While some facilitie still turn to CT for help with diagnosis, experts reiterate the shortcomings of the scan.
When COVID-19 first emerged, CT was considered a good option for detecting infection in the lungs. With the current gold-standard of molecular testing sometimes being in short supply in some geographic areas, some hospitals and facilities are still making use of CT scans.
And, this mixed bag of diagnostic activity - and the mixed messages it sends - have prompted researchers from Washington University in St. Louis to evaluate the benefit of CT in a clinical perspective article published in the American Journal of Roentgenology.
By examining the existing body of literature that has emerged on the use of CT since the beginning of the pandemic, the 11-expert team, led by Constantine A. Raptis, M.D., associate professor or radiology and director of thoracic MRI, highlight the key problem areas of using these scans for detection.
“This is not to say these studies are not valuable,” he said. “However, test performance and management issues arise when inappropriate and potentially over-arching conclusions regarding the diagnostic performance of CT for COVID-19 pneumonia are based on low-quality studies with biased cohorts, confounding variable, and faulty design characteristics.”
While the features of COVID-19 pneumonia seen on CT are an important initial step, issues exist with sensitivity, specificity, and in clinical practice, the team wrote.
Sensitivity: Throughout the literature, the sensitivity of CT in detecting viral infection has been reported to be as high as 98 percent.

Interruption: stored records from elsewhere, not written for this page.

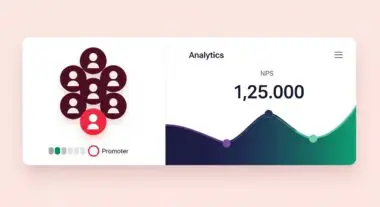 Illustration showing a cluster of user icons with one highlighted red, indicating promoters, and an NPS analytics graph. By Andres SEO Expert.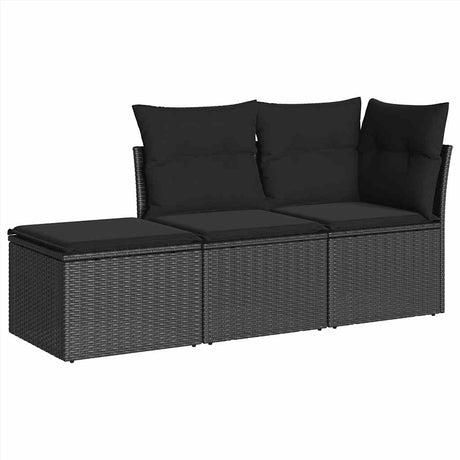 Vidaxl 3-delige loungeset met kussens poly rattan zwart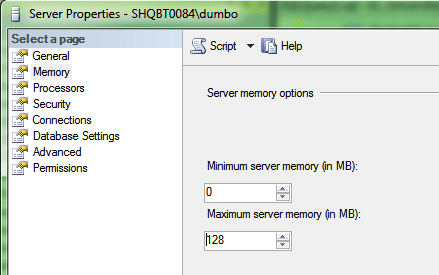 Setting the Max Memory too low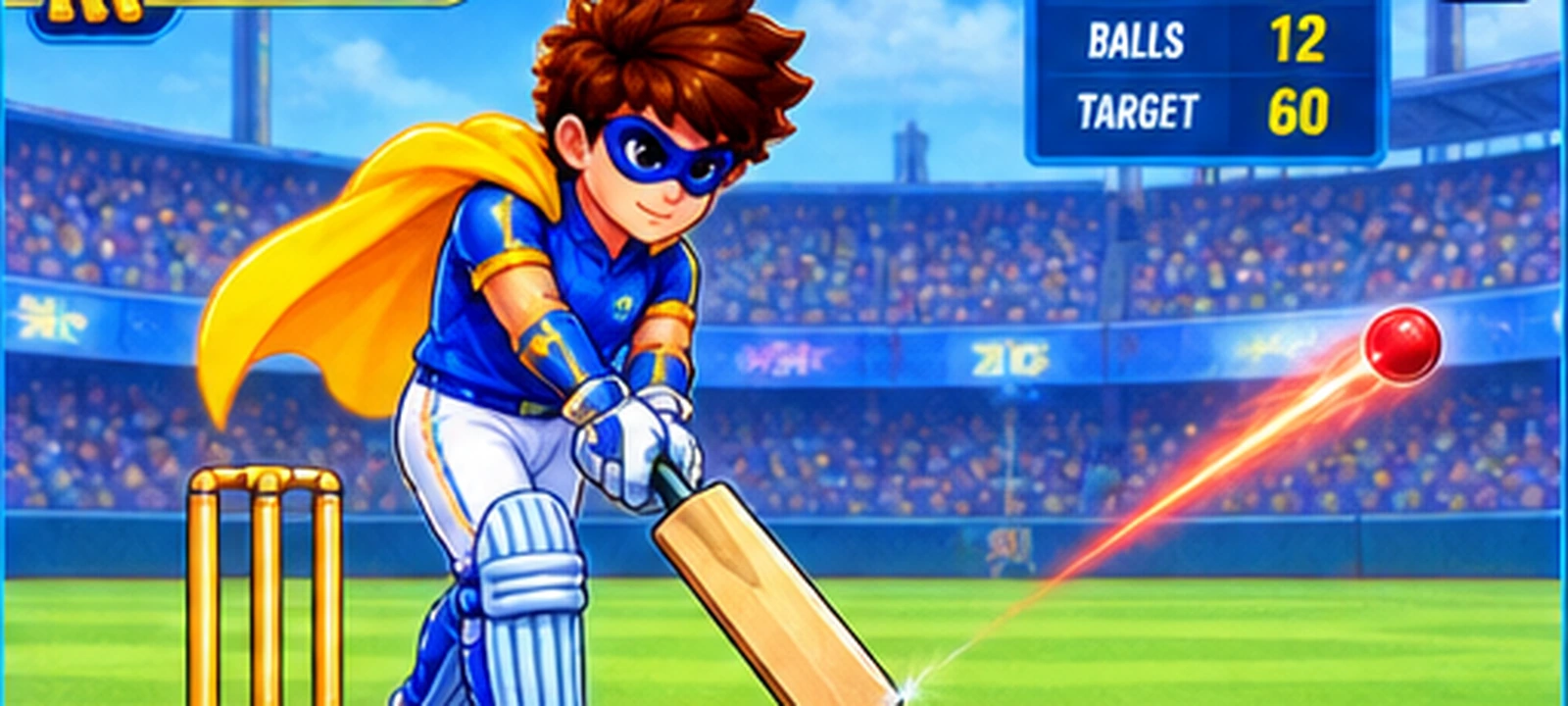 2D Hero Cricket Six Smash premium Rookie Oval cricket scene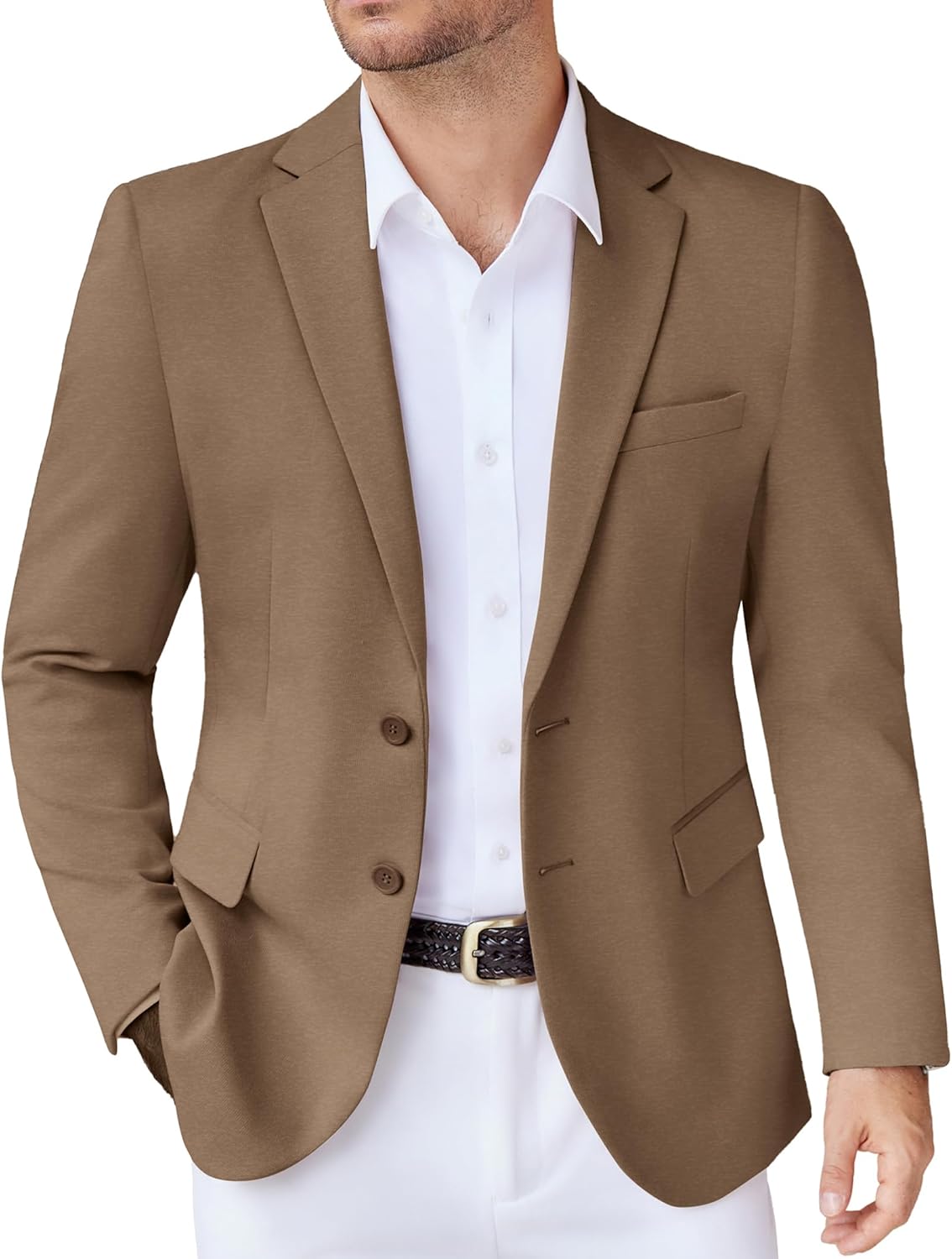 COOFANDY Men's Casual Knit Blazer Stretch Slim Fit Sport Coat Two Button Lightweight Suit Jackets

However, in some cases, Raptis said, this rate could be based an the population scanned.
“If a study cohort contains patients who are more likely to have a true-positive finding and less likely to have a false-negative finding, sensitivity will be over-estimated,” he said.

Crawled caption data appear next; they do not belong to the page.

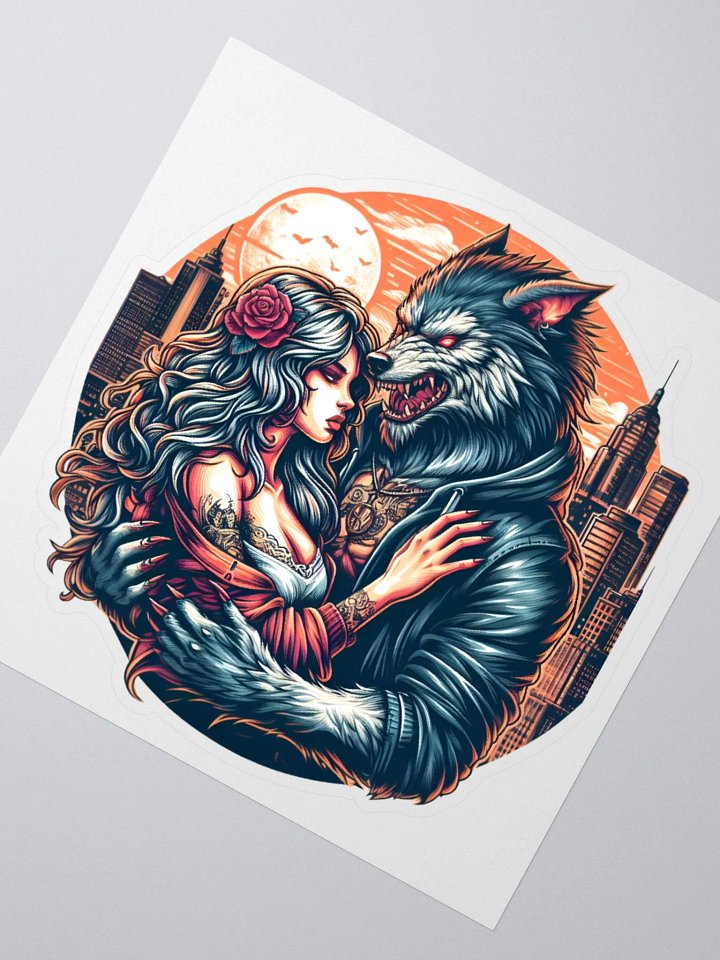 Urban Wolf Sticker-Orange moon product image (2)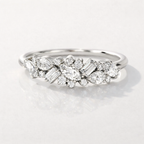 Half Eternity Cluster Wedding Band In Yellow Gold With Lab Diamonds
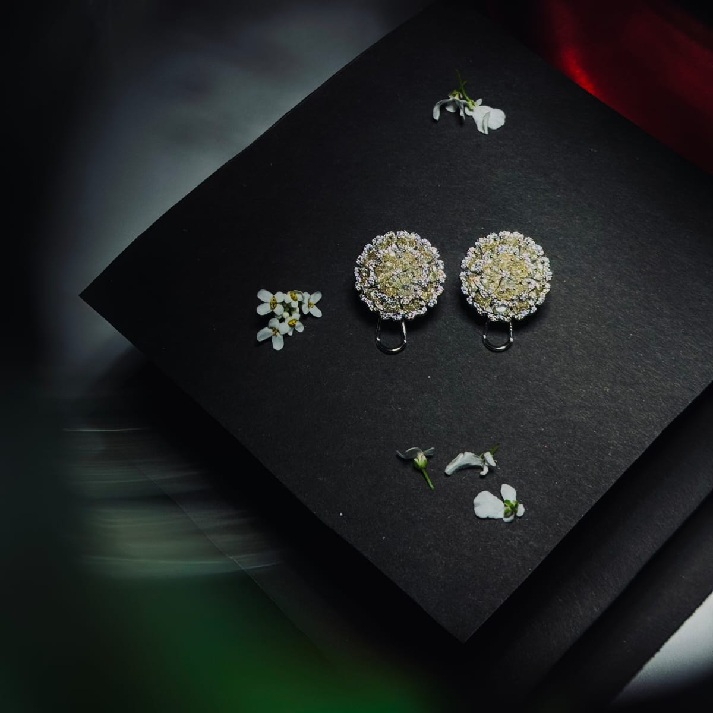Golden Bloom Crystal Stud Earrings | Noore by Neetu Kaushal
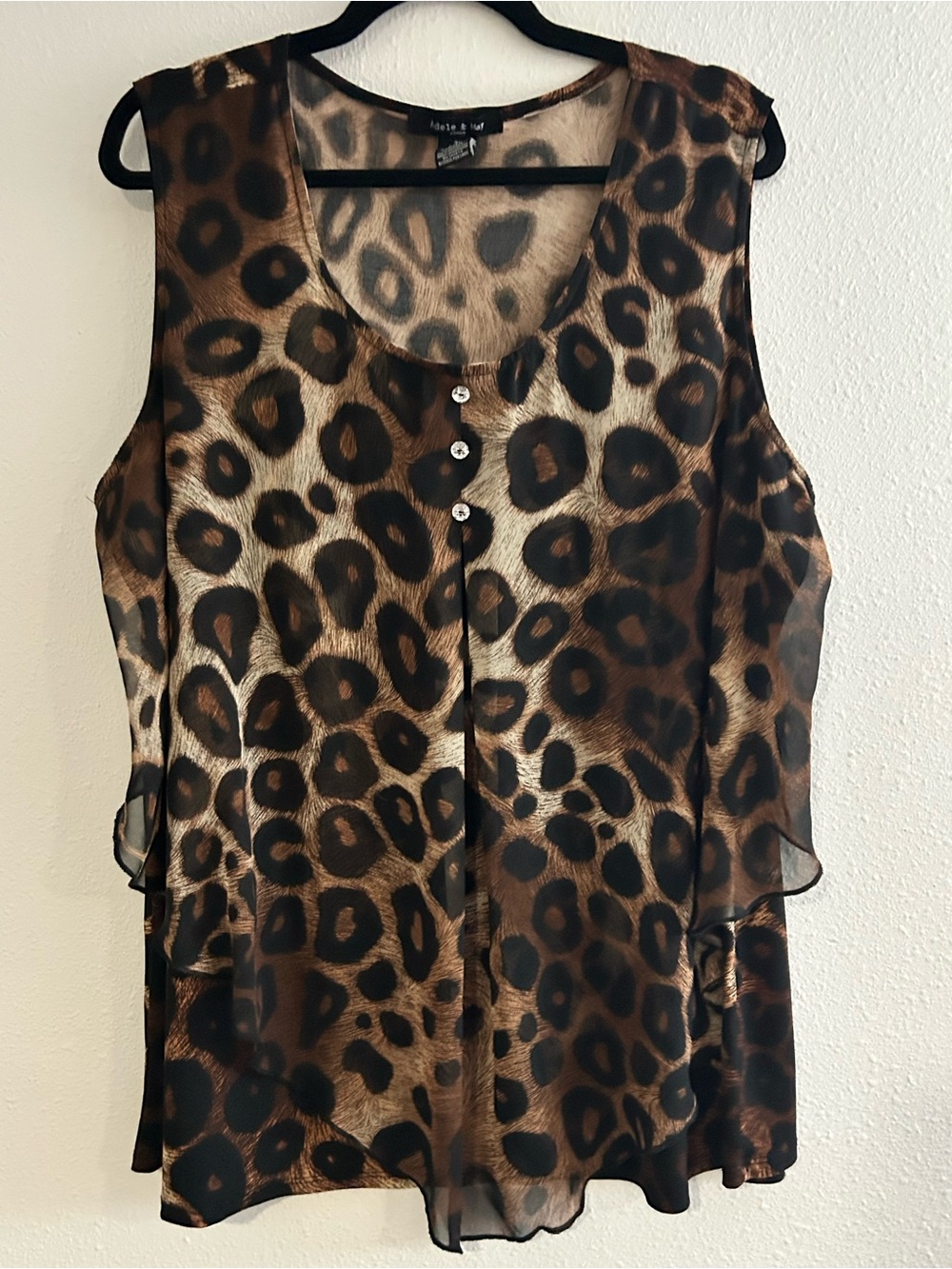 Adele & May Leopard-Print Sleeveless Camisole in Brown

And, in the case of COVID-19, a misdiagnosis could mean unintentionally exposing multiple people to an infected individual, continuing the spread of the virus.

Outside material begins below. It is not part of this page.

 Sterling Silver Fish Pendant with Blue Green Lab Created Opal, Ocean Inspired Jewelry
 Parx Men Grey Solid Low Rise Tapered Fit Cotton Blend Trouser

Specificity: While false positives associated with the reverse transcriptase-polymerase chain reaction (RT-PCR) test can happen, Raptis explained, they are most often caused by contamination and are likely insignificant in the assays for COVID-19. CT, though, doesn’t test for singular features, and the ones it does identify for COVID-19 pneumonia - peripheral and bilateral ground-glass opacities typically in the lower lobes - are often seen in other infectious and non-infections conditions.
Clinical Practice: There are also several challenges that exist with deployment of CT throughout a hospital. According to Raptis’ team, it could lead to overuse of hospitals resources, including personal protective equipment that is already in short supply, clustering of patients both affected and not affected by the virus in the radiology departments, and an increased risk of transmission to the imaging staff.
Overall, these issues indicate clinical environments should reserve CT for another use during the pandemic.
“At present,” the team wrote, “CT should be reserved for evaluation of complications of COVID-19 pneumonia or for assessment if alternative diagnoses are suspected.”